Centripetal force and friction

[shwoll]

I have been having trouble with this problem for quite awhile now, and I am wondering if anyone could offer some help...

I figured out part one...that the x direction forces must equal each other (mg sin theta = m*v^2/R) but i am completely lost on the second part. Number 6. Thanks!

5. [1pt]
Because of your physics background, you have been hired as a member of the team the state highway department has assigned to review the safety of freeways. This week you are studying a freeway in New Jersey which has a curve that is essentially 1/8 of a circle with a radius of 0.8 miles. The road has been designed with a banked curve so that the road makes an angle of 15 degrees to the horizontal throughout the curve. To begin the study, the head of your department asks that you calculate the maximum speed for a standard passenger car (2000 lbs) to complete the turn while maintaining a horizontal path along the road. He asks that you first consider the case of an ice-covered road with negligible friction. When you have completed that calculation, he wants you to do the case of a dry, clear road where the coefficient of kinetic friction is 0.6 and the coefficient of static friction is 0.7 between the tires and the road. This will give the team the two extremes of driving conditions on which to base the analysis.
Speed with icy road:

Correct, computer gets: 1.30E+02 mi/hr


6. [1pt]
Speed with dry road:

 

[Doc Al]

Newton's 2nd Law

I figured out part one...that the x direction forces must equal each other (mg sin theta = m*v^2/R) but i am completely lost on the second part. Number 6. Thanks!

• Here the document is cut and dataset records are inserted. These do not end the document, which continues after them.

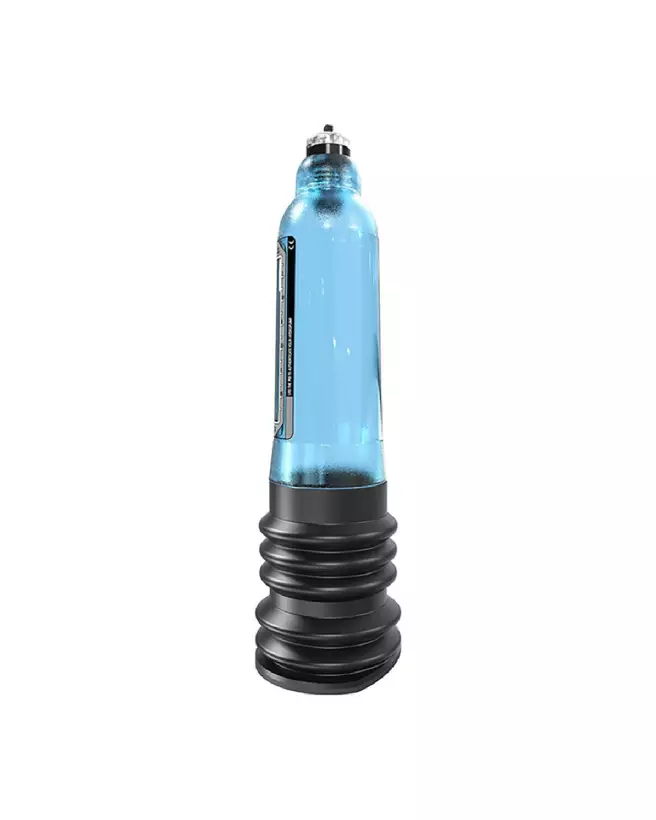 Image de la pompe à pénis BathMate Hydro7 bleue pour amélioration masculine-4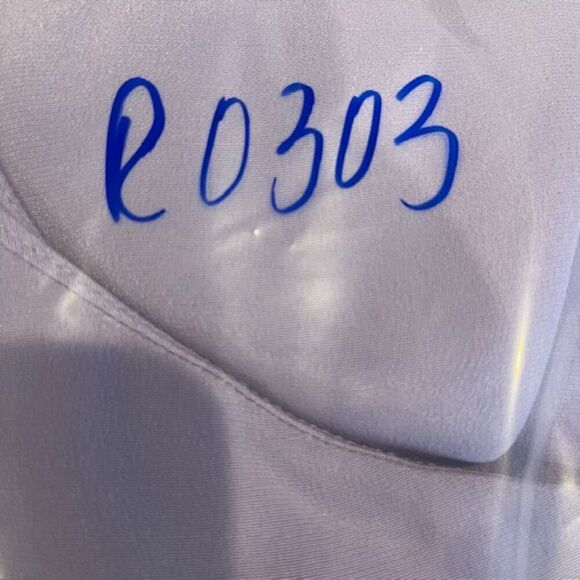 HANEY Marta Asymmetrical Wrap Dress One Shoulder Lavender Lilac Purple Size 2 - Picture 14 of 14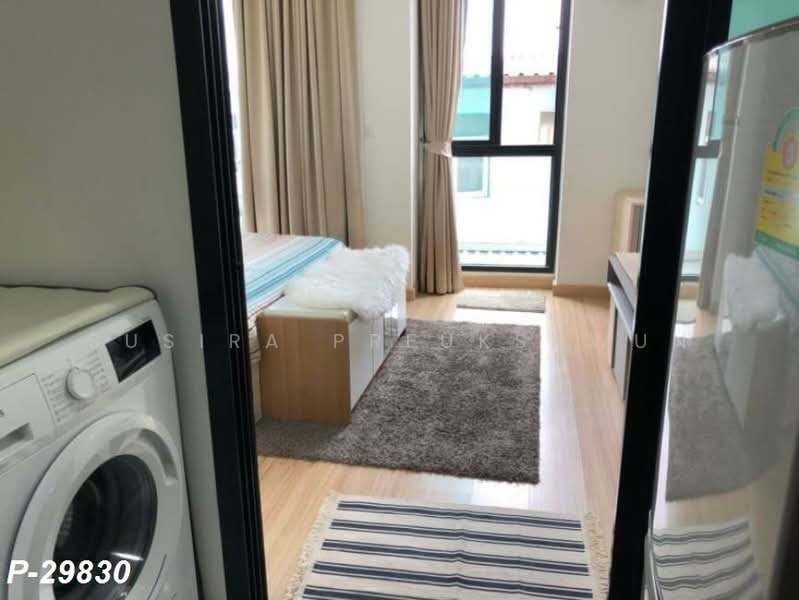 Chateau In Town Ratchada 20-2, Bangkok, รัชดาภิเษก ถนนสุทธิสารวินิจฉัย, Samsen Nok, Huai Khwang, Bangkok, 1 Bedroom, 25 sqm, Condo For Sale, by Susira Preuksawun, 7442492 - DDproperty.com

Not so fast. The forces in the x-direction must add up to equal $m a_c = m v^2/r$. What forces act on the car? In the "no friction" case, there are only two forces. Friction adds a third force. (Which way does the friction act?)

You'll also need to realize that vertical forces are in equilibrium.

 

[wais]

To calculate the maximum speed for a dry road, we need to consider both the centripetal force and the force of friction. The centripetal force is provided by the horizontal component of the car's weight, which is equal to mg*sinθ, where m is the mass of the car, g is the acceleration due to gravity, and θ is the angle of the banked curve (in this case, 15 degrees). This force must be equal to the force of friction, which is equal to μN, where μ is the coefficient of kinetic friction and N is the normal force.

Therefore, we can set up the equation: mg*sinθ = μN.

To find the normal force, we can use the fact that the vertical component of the car's weight must be balanced by the normal force: mg*cosθ = N.

Substituting this into our original equation, we get: mg*sinθ = μ(mg*cosθ).

Simplifying, we get: tanθ = μ.

Plugging in the values for μ (0.6) and θ (15 degrees), we get: tan(15) = 0.6.

Solving for θ, we get: θ = 8.53 degrees.

Now, we can use the equation for centripetal force (mv^2/R) to solve for the maximum speed: mg*sinθ = mv^2/R.

Plugging in the values for m (2000 lbs converted to kg), g (9.8 m/s^2), θ (8.53 degrees), and R (0.8 miles converted to meters), we get: 2000*9.8*sin(8.53) = (2000*v^2)/(0.8*1609.34).

Solving for v, we get: v = 92.67 mi/hr.

Therefore, the maximum speed for a dry road with these conditions is 92.67 mi/hr.